Monday, August 27, 2007

Book Review: Fee’s Pauline Christology Part 9

For the series outline, click here.

Chapter 15: ‘Jesus: Jewish Messiah and exalted Lord’

This important chapter gathers a lot of material together, data that is, Fee argues, ‘the absolute heart of Pauline Christology’ (558). Essentially Fee asserts that the ‘Name’ Christ has inherited is none other than the substitute name for God in the Septuagint, kurios. Important here is Fee’s analysis of 1 Cor 8:6, a matter he takes as hermeneutically significant for Paul’s use of the title ‘kurios’ elsewhere in the canonical Pauline corpus. Three further subsections maintain the christological significance of Jesus the Lord in terms of the risen Lord as eschatological judge, prayer to the risen Lord and the sharing of divine prerogatives between Christ and God. The material in this chapter demands ‘that we either give up ... monotheism ... or find a way to include the Lord Jesus Christ within the divine identity of the one God’ (559).
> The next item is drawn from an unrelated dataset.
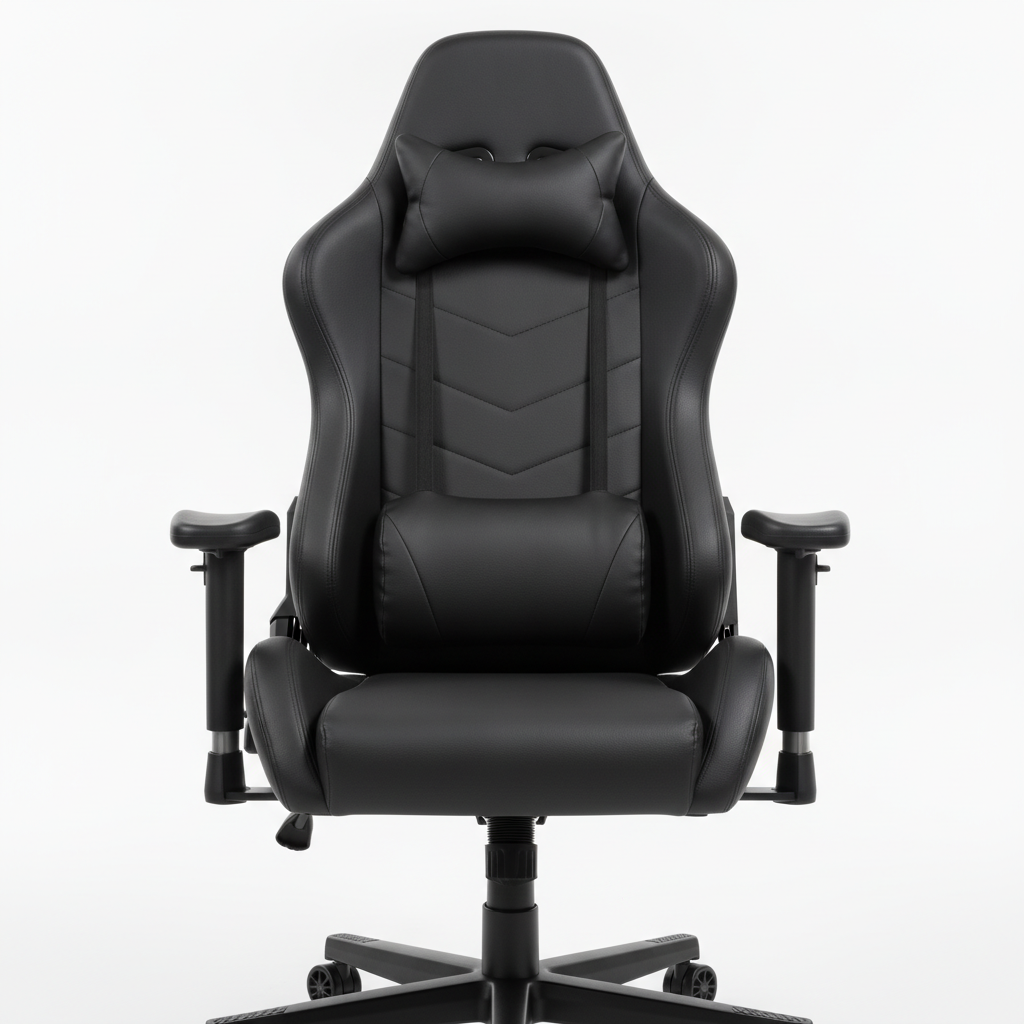 Ігрове крісло TX3 Eaze V2 Racer Black (TEGC-2064101.11) — Підтримка ваги до 150 кг для надійності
Taking his point of departure from Paul’s usage of Ps 110:1 and the apostle’s understanding of Christ’s lordship in a messianic eschatological frame, he notes that the title ‘kurios’ is 1) never used as a reference to God but exclusively of Christ, and 2) that the title is ‘used predominantly of Christ’s present reign and anticipated coming, rarely of his earthly life’ (561). This is so, Fee argues, because it is the title Paul uses to include Christ in the divine identity (562). This is seen in the ‘name above every name’ language in three important passages which indicate this name is the substitute name for God. Turning once again to 1 Cor 8:6, Fee argues that in countering Corinthian gnosis:
‘Paul first accepts the correctness of the basic theological presupposition [of the Corinthian ‘strong’], “There is only one God”. However, he vehemently rejects what they are doing with it, ultimately for two reasons: such an action on the part of the “knowing ones” plays havoc with the other believers for whom Christ died but who cannot make these fine distinctions; moreover, they have misunderstood the demonic nature of idolatry’ (563).
Fee’s exegesis makes much of both 1 Cor 8:6 and 10:26 concluding that Paul’s argument ‘not only presuppositionally places Christ the Lord as the preexistent agent of creation, but also sees him as the Lord of Ps 24:1, to whom the whole of creation belongs’ (564).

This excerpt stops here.